Re: check this: more surveillance for fun and profit...

From: Michael S. Lorrey (
Date: Fri May 12 2000 - 08:38:42 MDT

"Michael S. Lorrey" wrote:

> Zero Powers wrote:
> >
> > Sounds like Mike Lorrey is going to need a *much* bigger gun :)
> Oh, an F-16 is pretty easy to hit at 3000 feet, thats only 1000 yards. I
> already have a rifle that could hit that target. What I need is a bigger
> warhead...

Besides, all I really need is some good jamming equipment, and maybe a laser

However, given knowledge of speed and altitude, its not hard to hit an aircraft
given practice, with a firearm. When I was in the Air Force, repairing bullet
damage from cattle ranchers in the western US was one of the big sheetmetal jobs
that the airframe troops had to deal with.

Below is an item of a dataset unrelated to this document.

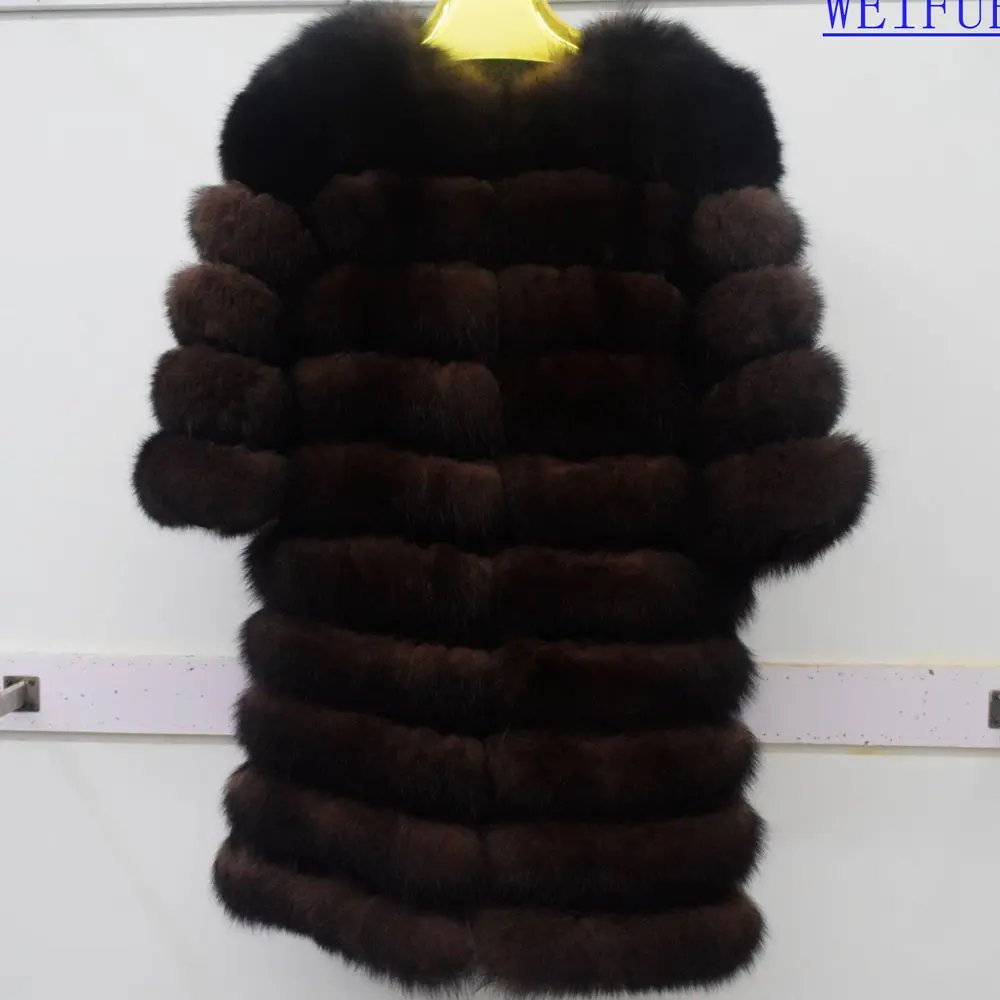 Натуральный Лисий мех высокого качества лисий мех пальто с рукавами - Цвет: Sable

FOr example: An F-16 is, as I recall, 47 feet long, or .0089 miles long. At 550
mph, it is traveling 806.6667 feet per second. A 150 grain bullet fired from my
bolt action .300 Win Mag Savage 110 Tactical rifle travels at about 3000 feet
per second. Assuming that it is a crossing shot, rather than a head on or tail
on shot (which are much easier), and assuming I want to hit the F-16 when it is
at a point tangential to me (i.e. the closest point in its path), I need to aim
roughly 16 plane lengths ahead of the craft, or else drift my sighting system so
the point of aim is that many plane lengths behind the point of fire. Getting it
precisely would require some more figuring, but all such results can be
tabletized, and were so by the NVA during Vietnam. There were a good number of
aircraft shot down by small arms fire.

Now, using leading techniques is not widely used with rifles, that is usually
used by shotgunners, but there have been some people who have taken the time and
are quite skilled at shooting flying objects with rifles. I recall that the
original Army test for the Browning Automatic Rifle (the BAR) back when involved
John Moses Browning hiring one man who was an exceptional sharpshooter. This
gentleman shot something like 75,000 1 inch blocks of wood out of the air
(typically thrown 50-100 feet in the air) straight over a period of several days
with that BAR (which is a really heavy gun with a serious kick to it). I think
he might have had something like a dozen misses or less in the entire string of
shots. The shooter claimed that he could teach anybody to shoot like that.